As it happens, in my own work on Newton (following Ted McGuire and Howard Stein) I am not inclined to treat Clarke as authoritative on Newton. So, it is worth explaining why I think Leibniz's charge shouldn't have gotten off the ground at all.
It is, I believe, agreed by all that the following passage from Query 31 of Newton's Opticks gave rise to Leibniz's original charge:
For while comets move in very eccentric orbs in all manner of positions, blind fate could never make all the planets move one and the same way in concentric orbs, some inconsiderable irregularities excepted which may have arisen from the mutual actions of comets and planets upon one another, and which will be apt to increase until this system needs a reformation. Such a wonderful uniformity in the planetary system must be allowed the effect of choice.
I included the final sentence in the quote because I think this helps explain Newton's reasoning. Notice, first that Newton does not mention clocks or watches here. Second, the argument is directed against the system of blind fate and in favor of the system of God's (providential) choice. I think this nobody would deny.
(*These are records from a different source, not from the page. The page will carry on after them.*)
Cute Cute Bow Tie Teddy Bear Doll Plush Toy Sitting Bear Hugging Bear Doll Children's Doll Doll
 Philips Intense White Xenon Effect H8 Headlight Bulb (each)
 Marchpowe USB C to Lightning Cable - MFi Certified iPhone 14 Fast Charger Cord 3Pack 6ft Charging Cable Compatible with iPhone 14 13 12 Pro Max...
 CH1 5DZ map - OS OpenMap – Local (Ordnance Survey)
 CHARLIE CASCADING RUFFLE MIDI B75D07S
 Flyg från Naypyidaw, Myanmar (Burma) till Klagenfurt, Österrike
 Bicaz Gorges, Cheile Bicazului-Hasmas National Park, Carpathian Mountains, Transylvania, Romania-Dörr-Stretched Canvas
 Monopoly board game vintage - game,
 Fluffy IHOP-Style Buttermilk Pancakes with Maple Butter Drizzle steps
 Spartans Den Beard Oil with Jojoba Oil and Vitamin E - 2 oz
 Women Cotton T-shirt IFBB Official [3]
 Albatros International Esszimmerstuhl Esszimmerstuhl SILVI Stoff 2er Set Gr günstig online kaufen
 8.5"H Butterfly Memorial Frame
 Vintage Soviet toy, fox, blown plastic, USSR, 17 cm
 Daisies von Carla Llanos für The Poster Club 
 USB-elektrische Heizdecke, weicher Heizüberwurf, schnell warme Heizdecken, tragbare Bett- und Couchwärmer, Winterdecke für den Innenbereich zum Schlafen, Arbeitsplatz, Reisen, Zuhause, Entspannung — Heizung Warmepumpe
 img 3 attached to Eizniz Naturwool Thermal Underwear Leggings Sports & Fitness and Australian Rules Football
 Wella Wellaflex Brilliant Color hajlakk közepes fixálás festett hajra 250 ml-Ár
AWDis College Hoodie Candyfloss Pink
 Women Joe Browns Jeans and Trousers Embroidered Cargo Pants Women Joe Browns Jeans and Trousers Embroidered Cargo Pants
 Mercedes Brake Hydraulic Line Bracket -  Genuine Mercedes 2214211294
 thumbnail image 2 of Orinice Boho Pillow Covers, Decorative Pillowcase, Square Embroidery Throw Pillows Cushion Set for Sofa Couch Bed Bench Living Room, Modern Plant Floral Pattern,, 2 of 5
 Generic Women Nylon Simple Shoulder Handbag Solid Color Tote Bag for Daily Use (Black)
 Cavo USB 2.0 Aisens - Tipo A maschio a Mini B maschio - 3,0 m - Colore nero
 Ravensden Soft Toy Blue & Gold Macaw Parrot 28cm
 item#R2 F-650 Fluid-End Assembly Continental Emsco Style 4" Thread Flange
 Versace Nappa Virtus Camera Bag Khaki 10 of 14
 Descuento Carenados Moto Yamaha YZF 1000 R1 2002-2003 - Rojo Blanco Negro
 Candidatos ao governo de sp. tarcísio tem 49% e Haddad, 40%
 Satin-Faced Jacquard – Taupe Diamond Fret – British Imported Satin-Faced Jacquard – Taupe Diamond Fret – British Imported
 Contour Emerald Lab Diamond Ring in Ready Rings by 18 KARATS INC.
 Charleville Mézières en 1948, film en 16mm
Now, it is natural to assume that [C] Newton is here anticipating the eighteenth century debate over the stability of the solar system. And that [D] his answer is negative. And if one thinks Newton is committed to [C&D] then it's quite natural to assume that Newton thinks that God needs to rewind the solar system regularly. But I don't think Newton should be taken here to be committed to be thinking about [C-D.]
For, notice, that the claim about the system requiring a reformation is offered as a reductio of the system of fate. And the underlying claim is that the particular patterns of motions we see in the solar system, must be the product of intelligent choice. That is to say, rather than being worried about the stability of the solar system, Newton is interested in cosmogony (the origin and evolution of the system). And the underlying claim is that from the perspective of the system of necessity one cannot device a system of laws that can account for the simultaneous origin and evolution of the irregular motions of the comets and the regular motions of the planets (and their moons) and their interactions. So, the charge is that Spinozism (which, as Clarke and Newton argue elsewhere, lacks a compelling physics) does not provide an account of the particular motions we observe and would be internally inconsistent if it tried. In my view (see here for details) variants of this argument are trotted out by Newton in his exchange with Bentley and in the General Scholium, and by Clarke in his Demonstration (also directed against Hobbes and Spinoza).